Single by Martin Garrix featuring Tove Lo
- Released: 5 February 2021
- Genre: Pop, Deep house
- Length: 2:24
- Label: STMPD RCRDS
- Songwriters: Martijn Garritsen; Oskar Rindborg; Tove Lo; Wilhelm Börjesson;
- Producers: Martin Garrix; Osrin;

Martin Garrix singles chronology
| "Higher Ground" (2020) | "Pressure" (2021) | "We Are the People" (2021) |

Tove Lo singles chronology
| "Don't Say Goodbye" (2020) | "Pressure" (2021) | "Give It All Up" (2021) |

Music video
- "Pressure" on YouTube

= Pressure (Martin Garrix song) =

2021 song by Martin Garrix and Tove Lo

"Pressure" is a song recorded by Dutch DJ and record producer Martin Garrix featuring Swedish singer-songwriter Tove Lo. It was released on 5 February 2021 by STMPD RCRDS.
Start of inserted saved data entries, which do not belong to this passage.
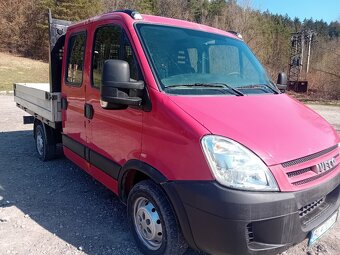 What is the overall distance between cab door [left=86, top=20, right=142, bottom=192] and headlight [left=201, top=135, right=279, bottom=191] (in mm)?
902

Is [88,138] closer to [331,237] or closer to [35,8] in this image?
[331,237]

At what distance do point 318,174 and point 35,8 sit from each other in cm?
4712

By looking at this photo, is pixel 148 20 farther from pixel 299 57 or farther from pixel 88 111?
pixel 299 57

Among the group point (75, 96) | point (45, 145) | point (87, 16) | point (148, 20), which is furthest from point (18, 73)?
point (148, 20)

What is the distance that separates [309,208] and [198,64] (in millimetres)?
1735

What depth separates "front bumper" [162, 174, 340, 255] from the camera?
237 centimetres

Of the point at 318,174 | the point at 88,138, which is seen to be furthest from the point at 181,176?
the point at 88,138

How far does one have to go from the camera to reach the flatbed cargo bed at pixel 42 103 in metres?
5.20

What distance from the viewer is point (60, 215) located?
4039mm

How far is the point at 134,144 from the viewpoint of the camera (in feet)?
10.5

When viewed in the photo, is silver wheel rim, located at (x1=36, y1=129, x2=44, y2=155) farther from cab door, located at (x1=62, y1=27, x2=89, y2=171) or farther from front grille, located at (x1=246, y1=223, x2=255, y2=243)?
front grille, located at (x1=246, y1=223, x2=255, y2=243)

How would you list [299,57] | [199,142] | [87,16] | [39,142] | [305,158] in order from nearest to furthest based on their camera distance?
[199,142]
[305,158]
[39,142]
[87,16]
[299,57]

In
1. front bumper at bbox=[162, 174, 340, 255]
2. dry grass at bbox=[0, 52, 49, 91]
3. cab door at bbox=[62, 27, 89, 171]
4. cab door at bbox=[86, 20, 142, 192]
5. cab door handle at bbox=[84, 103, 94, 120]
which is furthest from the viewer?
dry grass at bbox=[0, 52, 49, 91]

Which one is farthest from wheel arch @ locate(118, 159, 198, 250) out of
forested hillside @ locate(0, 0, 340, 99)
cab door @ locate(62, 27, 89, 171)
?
forested hillside @ locate(0, 0, 340, 99) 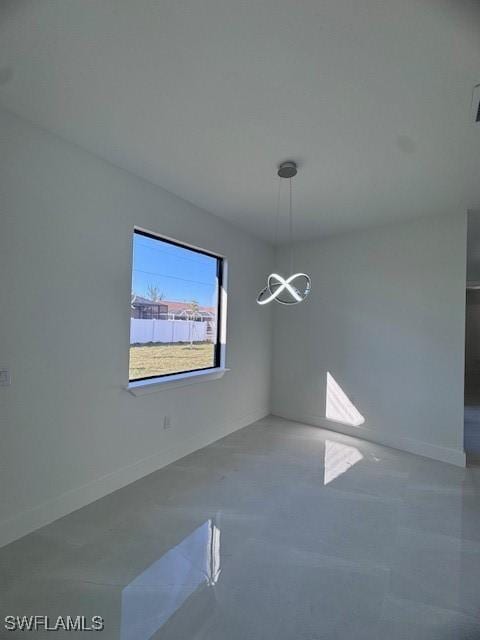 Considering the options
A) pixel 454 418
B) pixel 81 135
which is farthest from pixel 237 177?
pixel 454 418

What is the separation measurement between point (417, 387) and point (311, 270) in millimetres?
2025

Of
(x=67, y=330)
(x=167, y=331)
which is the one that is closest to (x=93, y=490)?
(x=67, y=330)

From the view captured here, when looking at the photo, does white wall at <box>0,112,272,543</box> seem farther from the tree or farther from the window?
the tree

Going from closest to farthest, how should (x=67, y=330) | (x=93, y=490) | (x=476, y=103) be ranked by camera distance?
(x=476, y=103), (x=67, y=330), (x=93, y=490)

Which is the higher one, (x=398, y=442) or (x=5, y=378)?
(x=5, y=378)

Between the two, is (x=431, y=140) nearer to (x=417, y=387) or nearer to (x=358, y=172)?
(x=358, y=172)

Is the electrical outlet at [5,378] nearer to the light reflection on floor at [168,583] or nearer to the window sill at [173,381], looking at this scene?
the window sill at [173,381]

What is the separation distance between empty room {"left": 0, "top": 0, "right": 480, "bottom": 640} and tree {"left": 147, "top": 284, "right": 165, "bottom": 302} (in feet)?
0.06

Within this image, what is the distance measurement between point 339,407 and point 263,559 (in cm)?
261

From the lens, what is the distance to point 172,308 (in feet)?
10.8

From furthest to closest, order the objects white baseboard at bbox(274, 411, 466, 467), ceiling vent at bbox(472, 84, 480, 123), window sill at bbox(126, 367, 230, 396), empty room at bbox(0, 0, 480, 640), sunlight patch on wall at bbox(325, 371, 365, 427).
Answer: sunlight patch on wall at bbox(325, 371, 365, 427) < white baseboard at bbox(274, 411, 466, 467) < window sill at bbox(126, 367, 230, 396) < ceiling vent at bbox(472, 84, 480, 123) < empty room at bbox(0, 0, 480, 640)

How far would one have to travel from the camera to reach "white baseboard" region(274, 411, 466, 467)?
3.27 metres

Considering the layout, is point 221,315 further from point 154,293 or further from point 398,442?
point 398,442

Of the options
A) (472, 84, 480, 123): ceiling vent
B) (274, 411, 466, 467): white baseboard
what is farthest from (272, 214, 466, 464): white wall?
(472, 84, 480, 123): ceiling vent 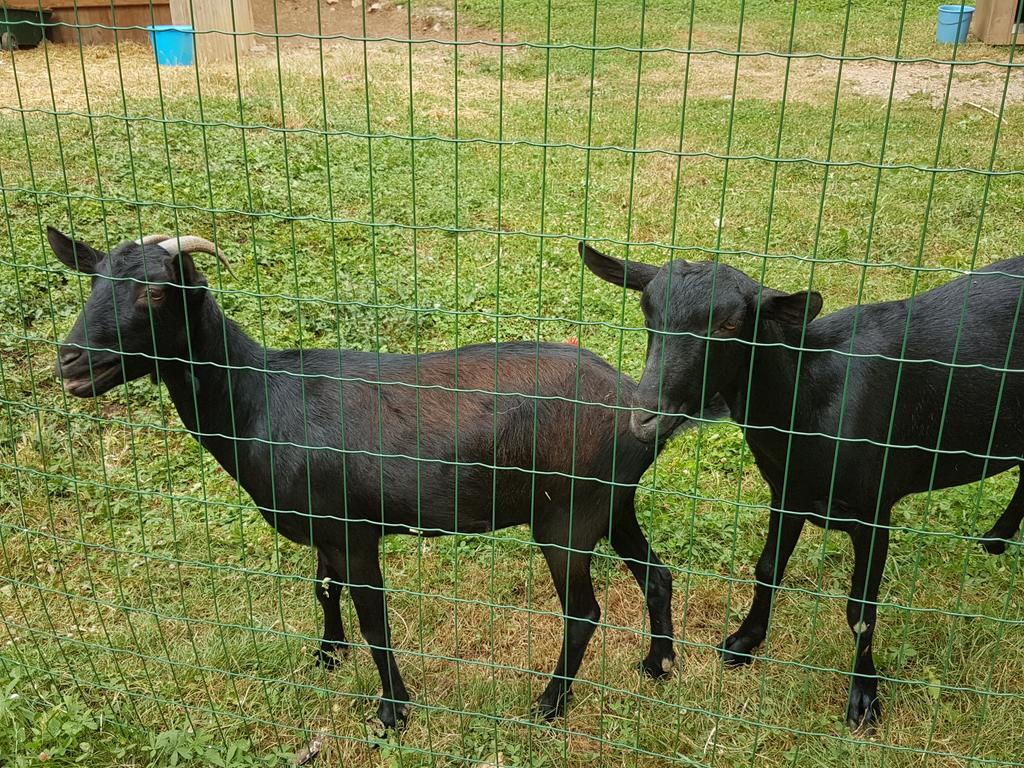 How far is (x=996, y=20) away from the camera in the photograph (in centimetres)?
1355

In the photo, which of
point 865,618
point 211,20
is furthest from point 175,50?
point 865,618

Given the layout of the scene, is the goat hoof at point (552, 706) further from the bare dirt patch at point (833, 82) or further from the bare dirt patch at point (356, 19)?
the bare dirt patch at point (356, 19)

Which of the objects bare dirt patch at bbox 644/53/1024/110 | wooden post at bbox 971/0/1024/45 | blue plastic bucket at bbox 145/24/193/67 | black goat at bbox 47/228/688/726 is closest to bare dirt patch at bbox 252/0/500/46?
blue plastic bucket at bbox 145/24/193/67

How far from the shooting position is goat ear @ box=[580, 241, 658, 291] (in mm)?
3267

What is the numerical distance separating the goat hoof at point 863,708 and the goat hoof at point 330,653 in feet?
6.84

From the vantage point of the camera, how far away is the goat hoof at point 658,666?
4.14m

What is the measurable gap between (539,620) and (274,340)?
277 centimetres

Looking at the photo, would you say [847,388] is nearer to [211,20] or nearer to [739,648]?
[739,648]

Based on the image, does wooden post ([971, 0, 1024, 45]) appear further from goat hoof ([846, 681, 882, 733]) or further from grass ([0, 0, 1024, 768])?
goat hoof ([846, 681, 882, 733])

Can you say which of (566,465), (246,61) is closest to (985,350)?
(566,465)

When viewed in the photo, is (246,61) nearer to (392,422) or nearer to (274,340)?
(274,340)

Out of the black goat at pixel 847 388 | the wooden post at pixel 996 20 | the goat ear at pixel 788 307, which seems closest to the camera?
the goat ear at pixel 788 307

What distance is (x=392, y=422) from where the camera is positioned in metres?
3.76

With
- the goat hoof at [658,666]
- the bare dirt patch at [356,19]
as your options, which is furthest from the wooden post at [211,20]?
the goat hoof at [658,666] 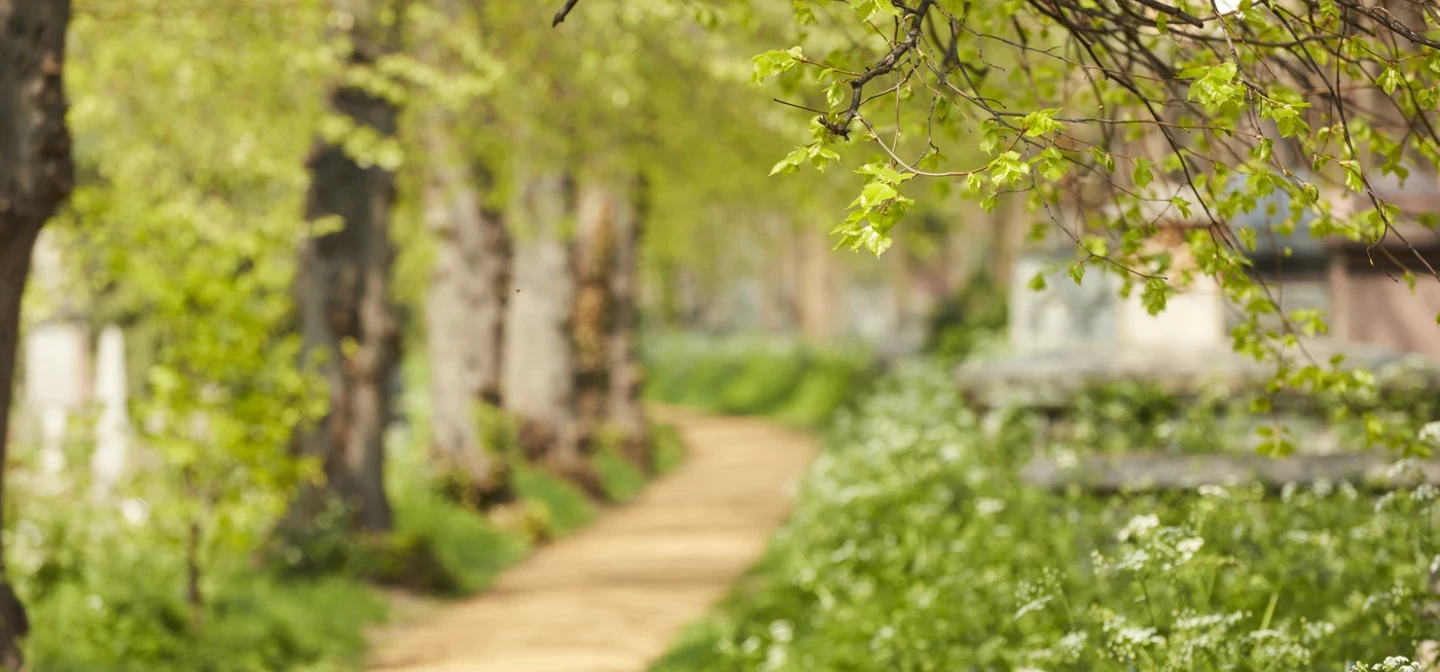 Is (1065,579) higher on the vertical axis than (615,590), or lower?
higher

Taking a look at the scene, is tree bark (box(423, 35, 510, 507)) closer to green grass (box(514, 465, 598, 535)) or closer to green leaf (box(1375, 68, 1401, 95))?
green grass (box(514, 465, 598, 535))

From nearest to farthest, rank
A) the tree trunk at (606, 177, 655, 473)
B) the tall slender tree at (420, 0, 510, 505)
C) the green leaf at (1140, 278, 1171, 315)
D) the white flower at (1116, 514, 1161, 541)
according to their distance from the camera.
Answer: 1. the green leaf at (1140, 278, 1171, 315)
2. the white flower at (1116, 514, 1161, 541)
3. the tall slender tree at (420, 0, 510, 505)
4. the tree trunk at (606, 177, 655, 473)

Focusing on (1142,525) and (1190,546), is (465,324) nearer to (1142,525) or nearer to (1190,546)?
(1142,525)

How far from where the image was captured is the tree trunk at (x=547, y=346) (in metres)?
18.3

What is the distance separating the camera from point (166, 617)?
27.0ft

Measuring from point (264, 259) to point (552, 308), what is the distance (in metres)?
10.2

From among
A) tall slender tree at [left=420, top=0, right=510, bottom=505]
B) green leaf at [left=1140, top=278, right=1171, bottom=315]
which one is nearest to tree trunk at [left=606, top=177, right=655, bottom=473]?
tall slender tree at [left=420, top=0, right=510, bottom=505]

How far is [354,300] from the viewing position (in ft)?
36.6

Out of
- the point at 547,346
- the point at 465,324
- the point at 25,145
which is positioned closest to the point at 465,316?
the point at 465,324

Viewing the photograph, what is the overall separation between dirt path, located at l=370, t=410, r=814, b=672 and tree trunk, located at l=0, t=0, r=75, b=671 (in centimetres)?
307

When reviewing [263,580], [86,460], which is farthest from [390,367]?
[86,460]

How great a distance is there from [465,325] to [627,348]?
6569mm

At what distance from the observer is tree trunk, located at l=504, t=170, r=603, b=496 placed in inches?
722

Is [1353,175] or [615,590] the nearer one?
[1353,175] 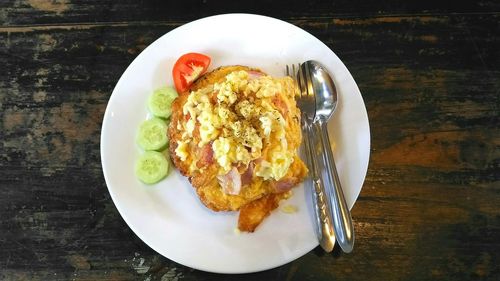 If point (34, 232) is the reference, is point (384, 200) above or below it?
below

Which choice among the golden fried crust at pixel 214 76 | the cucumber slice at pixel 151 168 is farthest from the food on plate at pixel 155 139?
the golden fried crust at pixel 214 76

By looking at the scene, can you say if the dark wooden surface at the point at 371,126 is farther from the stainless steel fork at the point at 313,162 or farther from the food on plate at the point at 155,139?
the food on plate at the point at 155,139

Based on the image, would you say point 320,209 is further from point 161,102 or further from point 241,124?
point 161,102

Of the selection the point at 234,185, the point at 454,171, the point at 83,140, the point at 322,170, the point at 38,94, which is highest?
the point at 38,94

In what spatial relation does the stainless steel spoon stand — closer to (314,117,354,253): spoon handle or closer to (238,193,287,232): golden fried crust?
(314,117,354,253): spoon handle

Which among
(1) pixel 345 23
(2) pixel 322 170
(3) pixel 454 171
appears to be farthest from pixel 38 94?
(3) pixel 454 171

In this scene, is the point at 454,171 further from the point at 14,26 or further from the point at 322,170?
the point at 14,26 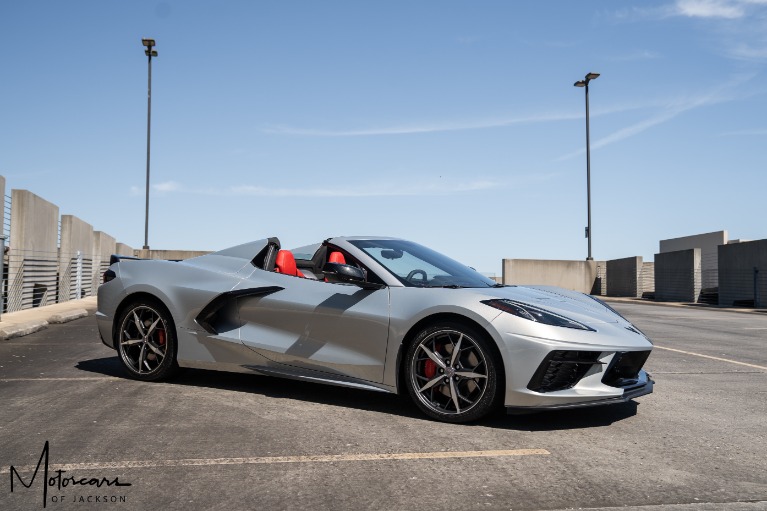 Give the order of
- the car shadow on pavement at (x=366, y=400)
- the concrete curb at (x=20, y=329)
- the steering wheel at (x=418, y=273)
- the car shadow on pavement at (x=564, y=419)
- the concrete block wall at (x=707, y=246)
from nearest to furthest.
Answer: the car shadow on pavement at (x=564, y=419)
the car shadow on pavement at (x=366, y=400)
the steering wheel at (x=418, y=273)
the concrete curb at (x=20, y=329)
the concrete block wall at (x=707, y=246)

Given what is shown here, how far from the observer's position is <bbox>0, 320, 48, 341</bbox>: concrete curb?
10742mm

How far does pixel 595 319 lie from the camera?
5098 mm

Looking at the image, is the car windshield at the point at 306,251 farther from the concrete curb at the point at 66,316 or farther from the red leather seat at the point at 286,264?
the concrete curb at the point at 66,316

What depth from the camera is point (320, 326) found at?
5.49 meters

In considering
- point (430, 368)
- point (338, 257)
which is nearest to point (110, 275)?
point (338, 257)

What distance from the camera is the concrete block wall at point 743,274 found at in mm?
26094

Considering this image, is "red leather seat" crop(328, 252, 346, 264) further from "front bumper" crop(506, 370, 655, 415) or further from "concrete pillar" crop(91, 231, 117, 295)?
"concrete pillar" crop(91, 231, 117, 295)

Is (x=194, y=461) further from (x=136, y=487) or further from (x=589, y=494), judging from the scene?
(x=589, y=494)

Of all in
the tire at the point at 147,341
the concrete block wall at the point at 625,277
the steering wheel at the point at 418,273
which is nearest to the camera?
the steering wheel at the point at 418,273

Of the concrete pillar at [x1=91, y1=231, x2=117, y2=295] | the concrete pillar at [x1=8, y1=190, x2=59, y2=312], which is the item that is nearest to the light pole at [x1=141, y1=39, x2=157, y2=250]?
the concrete pillar at [x1=91, y1=231, x2=117, y2=295]

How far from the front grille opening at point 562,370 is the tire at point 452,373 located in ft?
0.85

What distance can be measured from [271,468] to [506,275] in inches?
1204

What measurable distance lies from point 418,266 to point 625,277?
3316 centimetres

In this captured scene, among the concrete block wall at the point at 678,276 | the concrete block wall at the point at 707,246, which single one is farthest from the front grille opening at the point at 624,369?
the concrete block wall at the point at 678,276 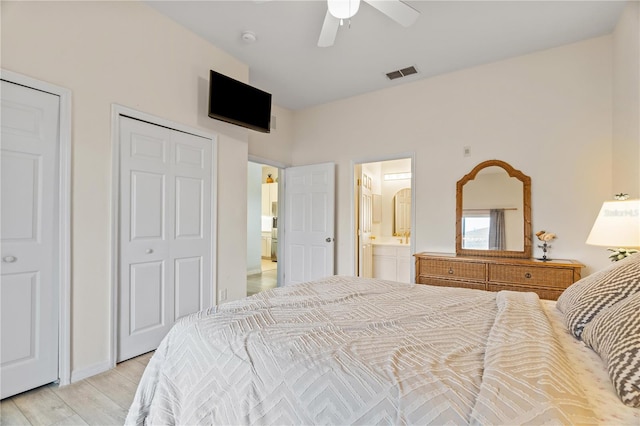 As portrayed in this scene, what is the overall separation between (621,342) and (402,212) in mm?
4794

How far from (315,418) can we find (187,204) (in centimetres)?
255

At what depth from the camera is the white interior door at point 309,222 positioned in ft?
14.5

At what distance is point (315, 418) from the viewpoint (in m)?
0.86

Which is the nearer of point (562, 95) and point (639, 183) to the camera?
point (639, 183)

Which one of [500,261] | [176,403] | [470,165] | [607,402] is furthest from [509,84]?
[176,403]

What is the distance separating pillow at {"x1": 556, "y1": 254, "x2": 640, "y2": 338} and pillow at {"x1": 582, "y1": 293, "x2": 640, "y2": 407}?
0.18 feet

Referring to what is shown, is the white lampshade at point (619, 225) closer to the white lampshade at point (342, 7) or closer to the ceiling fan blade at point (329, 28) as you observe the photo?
the white lampshade at point (342, 7)

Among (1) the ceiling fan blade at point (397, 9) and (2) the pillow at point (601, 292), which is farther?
(1) the ceiling fan blade at point (397, 9)

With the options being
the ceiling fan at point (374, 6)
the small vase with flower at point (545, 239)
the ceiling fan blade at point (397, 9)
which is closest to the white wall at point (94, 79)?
the ceiling fan at point (374, 6)

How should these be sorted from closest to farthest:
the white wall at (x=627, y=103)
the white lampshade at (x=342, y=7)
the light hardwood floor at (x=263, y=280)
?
the white lampshade at (x=342, y=7) < the white wall at (x=627, y=103) < the light hardwood floor at (x=263, y=280)

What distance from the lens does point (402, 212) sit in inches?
221

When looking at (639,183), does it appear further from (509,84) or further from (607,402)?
(607,402)

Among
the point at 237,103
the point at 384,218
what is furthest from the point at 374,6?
the point at 384,218

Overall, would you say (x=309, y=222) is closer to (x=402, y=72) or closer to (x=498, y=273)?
(x=402, y=72) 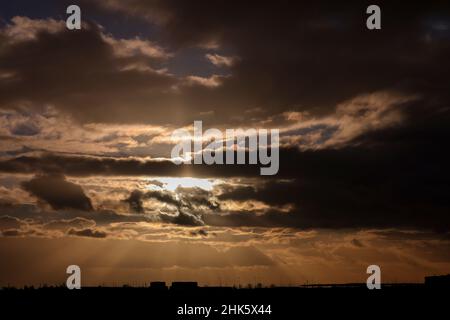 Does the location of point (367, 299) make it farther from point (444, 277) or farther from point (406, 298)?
point (444, 277) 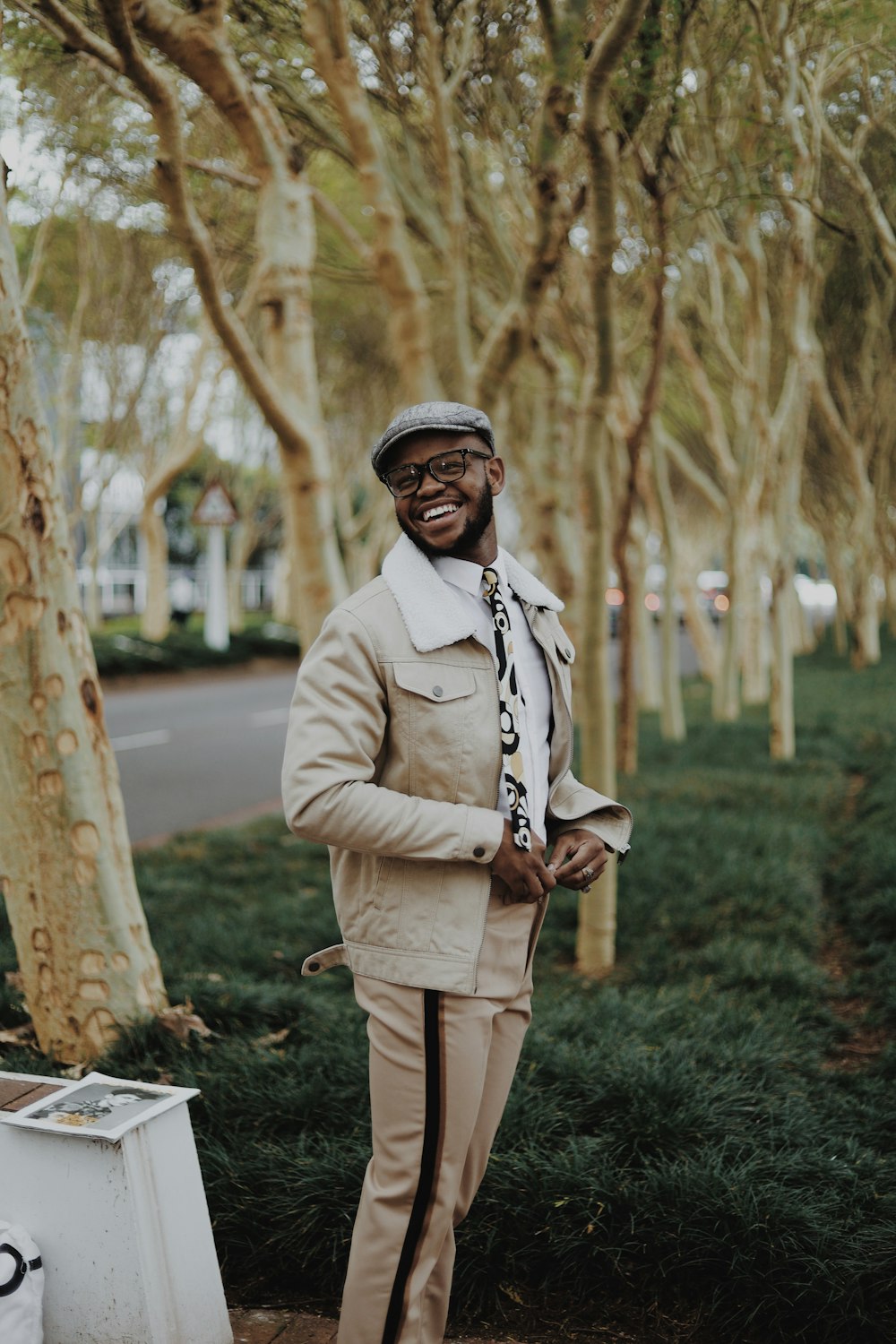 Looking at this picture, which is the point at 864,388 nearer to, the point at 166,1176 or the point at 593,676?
the point at 593,676

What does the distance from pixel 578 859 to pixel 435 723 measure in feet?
1.28

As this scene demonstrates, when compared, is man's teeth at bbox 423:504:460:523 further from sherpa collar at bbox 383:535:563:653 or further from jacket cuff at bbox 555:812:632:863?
jacket cuff at bbox 555:812:632:863

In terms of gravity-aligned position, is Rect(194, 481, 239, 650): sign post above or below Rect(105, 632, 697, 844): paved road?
above

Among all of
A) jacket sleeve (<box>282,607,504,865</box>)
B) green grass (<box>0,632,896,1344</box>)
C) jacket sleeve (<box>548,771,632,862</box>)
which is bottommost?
green grass (<box>0,632,896,1344</box>)

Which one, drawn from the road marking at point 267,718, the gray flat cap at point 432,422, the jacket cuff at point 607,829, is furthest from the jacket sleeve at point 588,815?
the road marking at point 267,718

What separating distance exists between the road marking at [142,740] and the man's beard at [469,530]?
11431 millimetres

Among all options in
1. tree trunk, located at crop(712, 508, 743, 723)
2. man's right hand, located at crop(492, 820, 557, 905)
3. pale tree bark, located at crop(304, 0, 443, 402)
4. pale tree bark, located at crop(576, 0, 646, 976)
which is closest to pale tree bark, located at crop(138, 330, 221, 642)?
tree trunk, located at crop(712, 508, 743, 723)

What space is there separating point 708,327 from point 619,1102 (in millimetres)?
11253

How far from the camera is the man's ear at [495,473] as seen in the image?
2.40 metres

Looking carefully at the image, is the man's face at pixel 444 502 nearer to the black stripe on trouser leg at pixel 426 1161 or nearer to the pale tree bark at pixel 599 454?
the black stripe on trouser leg at pixel 426 1161

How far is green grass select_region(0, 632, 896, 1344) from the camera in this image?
9.61ft

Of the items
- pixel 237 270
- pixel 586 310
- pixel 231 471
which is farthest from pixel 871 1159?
pixel 231 471

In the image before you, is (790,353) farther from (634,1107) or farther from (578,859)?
(578,859)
==Background and content==
On 2 February 2021, Garrix published the cover artwork of "Pressure" on the social media accounts of Stmpd Rcrds before the song's release on 5 February. According to many website's articles, the song possesses a deep melody that matches Tove Lo's "edgy" vocal.

==Charts==

===Weekly charts===

Weekly chart performance for "Pressure"
| Chart (2021) | Peak position |
|---|---|
| Belgium (Ultratip Bubbling Under Flanders) | 16 |
| Global Excl. US (Billboard) | 197 |
| Hungary (Single Top 40) | 32 |
| Lithuania (AGATA) | 33 |
| Netherlands (Dutch Top 40) | 25 |
| Netherlands (Single Top 100) | 29 |
| New Zealand Hot Singles (RMNZ) | 7 |
| Slovakia (Singles Digitál Top 100) | 48 |
| Sweden (Sverigetopplistan) | 39 |
| Switzerland (Schweizer Hitparade) | 91 |
| US Hot Dance/Electronic Songs (Billboard) | 10 |

===Year-end charts===

Year-end chart performance for "Pressure"
| Chart (2021) | Position |
|---|---|
| US Hot Dance/Electronic Songs (Billboard) | 42 |

==Certifications==

Certifications for "Pressure"
| Region | Certification | Certified units/sales |
| Brazil (Pro-Música Brasil) | Platinum | 40,000^{‡} |
^{‡} Sales+streaming figures based on certification alone.